Hitting the Reset Button
I finally took that "break" I was advising every single one of my clients to take. Here's what I learned when I hit the reset button:
1. Its been almost ten years since my mom died and I still cry every time I hang up the phone with my dad because I’m so afraid to lose him. This isn’t going to change so I have chosen to accept this about myself and just love him as much as I can and enjoy the tears.
2. Sunshine, a mountain, palm trees, warmth and many hours of sleep can solve anything.
3. Train your people. Your part time people, your interns, your volunteers, your executives. Don’t be a hero, don’t be the only one who knows how to do everything even if you think it’s not the responsibility of your people to do the work. Let it go, teach them and enable them. You hired them for a reason so trust them or you’ll spend every getaway answering all of the emails (guilty).
3. Big strong men will tell you that the mountain is dangerous as they pass you climbing up, appreciate them. Society trained them to think that they need to protect you. Then proceed to climb and climb and climb and keep climbing until it no longer feels dangerous.
4. Climb the freaking mountain. One day your legs won’t work as well and they will be tired from living all the years and you won’t be able to climb, so do it now.
5. Get up early and catch the sunrise. You don’t have to do this every day you can just do it once a week or once a month. These are not guaranteed and one day perhaps abruptly, you may no longer have the option.
6. God is whatever you want it to be. God can be exactly as they tell you he/she is in the Bible or it can be the sun, the mountain, the wind, the palm tree, the laughing baby, the howling puppy, the ocean. I don’t care, but pick something to believe in that is bigger than you because it helps, it just makes it easier.
7. Grief is real.
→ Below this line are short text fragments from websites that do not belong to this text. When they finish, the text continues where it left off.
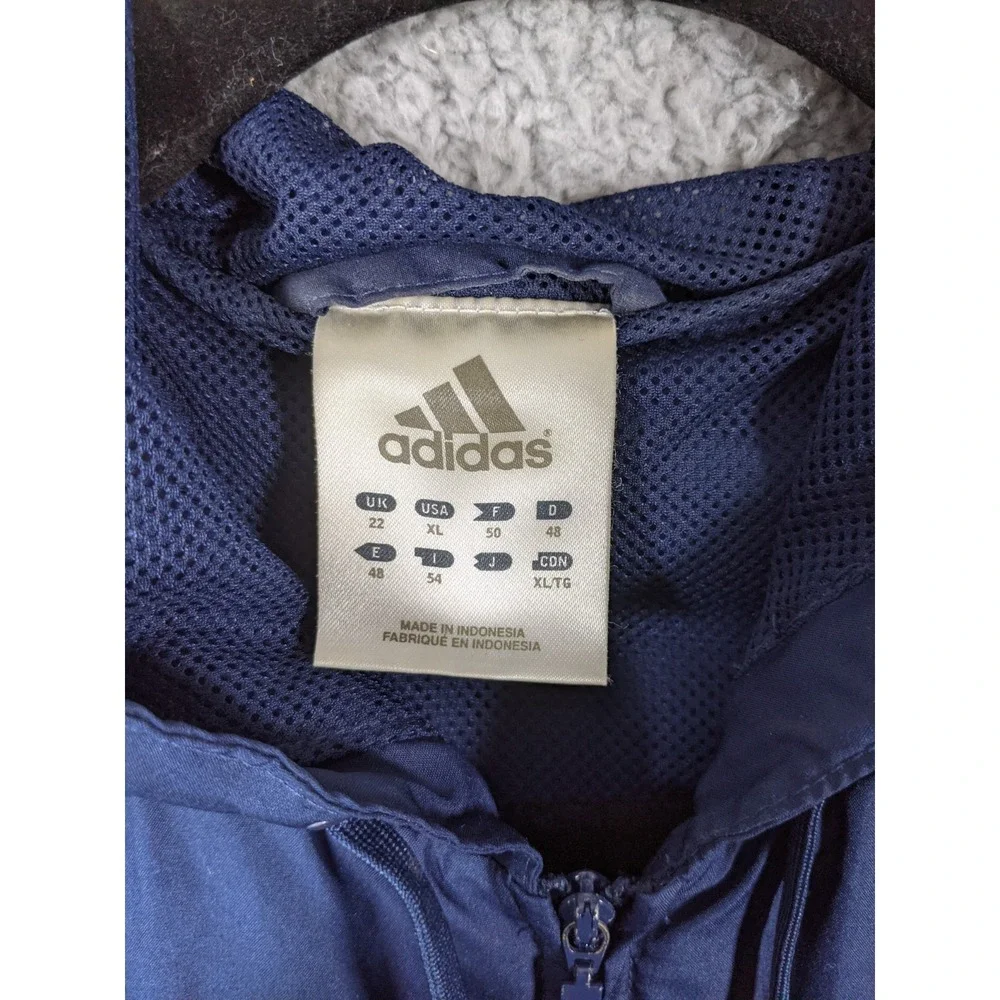 Vintage Adidas Windbreaker Jacket Mens XL Navy Blue 3 Stripe Mesh Lined Hooded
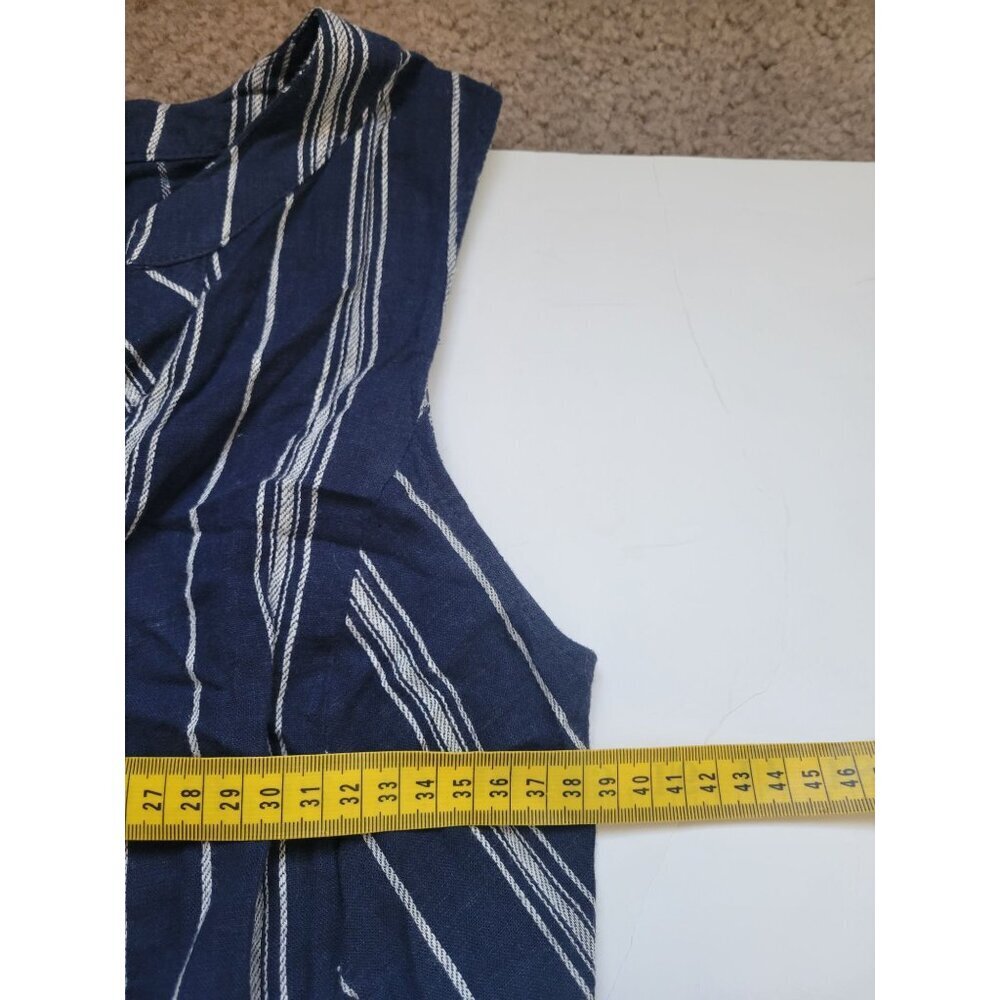 Laundry by Shelli Segal Striped Linen Viscose Sleeveless Jumpsuit Navy Size 2 - Picture 4 of 7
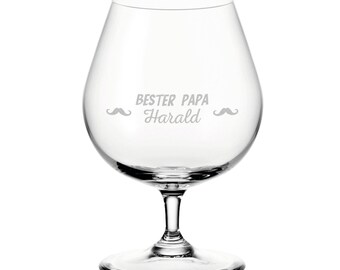 Snifter cognac glass with personalized desired motif Best Dad Mustache | Cognac Whiskey Brandy Scotch Glass Long Drink Gift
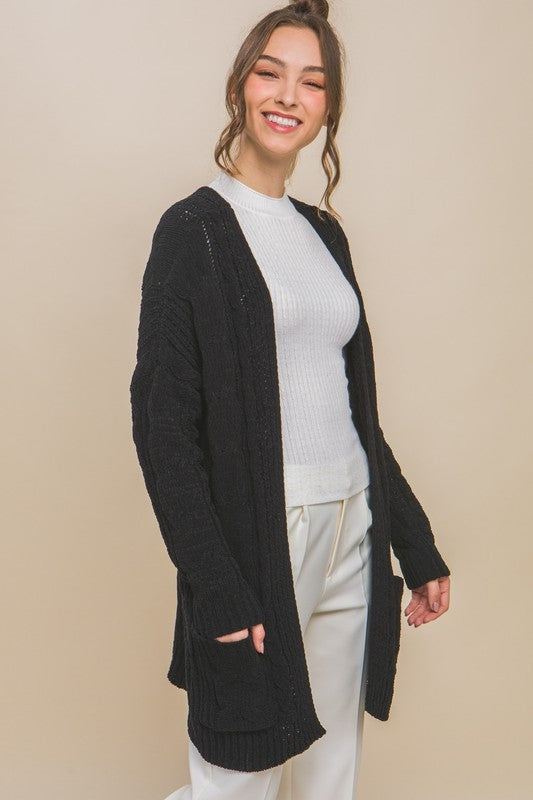 Black Oversized Cable Knit Cardigan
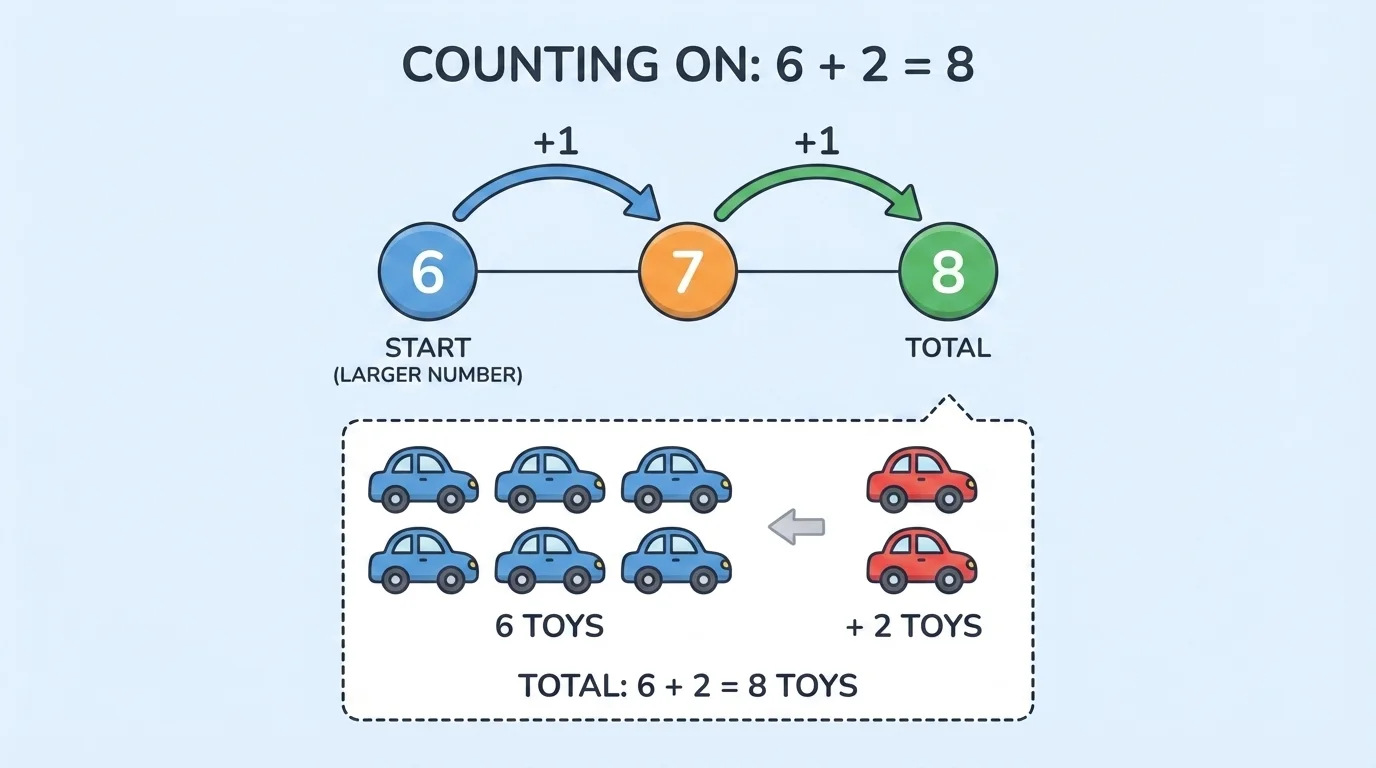 number path from 6 to 8 with two hops and a set of 6 toys with 2 more added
It is as real as anything and it comes and goes and it attacks you from behind but it is a beautiful gift because it reminds you that you once had something so wonderful that you feel like your heart is in pieces because it is gone. Embrace this. Don’t let people rush your process because they’re afraid of feelings. Don’t be afraid of feelings. If you fear them, then they win. Make them your friend, honor them, thank them and then go live the life the person you lost would want you to live--and if you are wondering which one this is, it is the one that makes you feel alive.
8. If you feel like you are trapped in a cage it is because you put yourself there. You have the key. Unlock the door and step out. I promise you are not handcuffed to anything, not a job, not a relationship, not a city, not a house, not debt, not a perspective. It may take time, it may take hard work, it may take going to the dark scary places inside of you, but you can certainly get free.
9. That poem Robert Frost wrote about the road less traveled? He was right. One thing he left out was that other people have also taken the road less traveled. He didn't say the road "never traveled" because other people have in fact, taken the road. You are not alone. You are not alone even when you feel like you are pushing up against all of the rules and what all the other people are doing and you don't think you belong or fit in or make sense. There is a road for you, it is full of people who are brave like you, FIND THEM. If you don't find them at first, LOOK HARDER.
10. I read a book about dating while I was away (yes I was intrigued) called "I had a nice time How to find love and sh*t like that". This book made me laugh really really hard. I laughed so hard. I learned a lot of things about dating that I didn't know before and that I don't really need to know but it made me laugh harder than I have laughed in a long time. Sometimes we don't have to always be reading books that make us better or smarter or whatever, sometimes we can just read stupid books about how and when to text message a man back if you want him to love you. Hilarious.
11. Listening to Sheryl Sandberg talk about grief on Oprah's Super Soul Conversations and cry every time she mentioned her husband Dave and when she talked about her kids pain, changed me. It changed me in a way I cannot describe. I downloaded her book Option B immediately. It made me want to continue my work as a coach and as a person who believes we need partners in our grief to survive. So thank you Sheryl and as always, thank you Oprah.
12. Generations have lived lives without taking breaks. Generations of people have worked and worked and worked and not valued feelings and not valued self care and that is ok, but we do not have to do that. The guilt you feel when you take a break for yourself is real but it is not true. Take the break, honor yourself, step away, get quiet...it will change your life.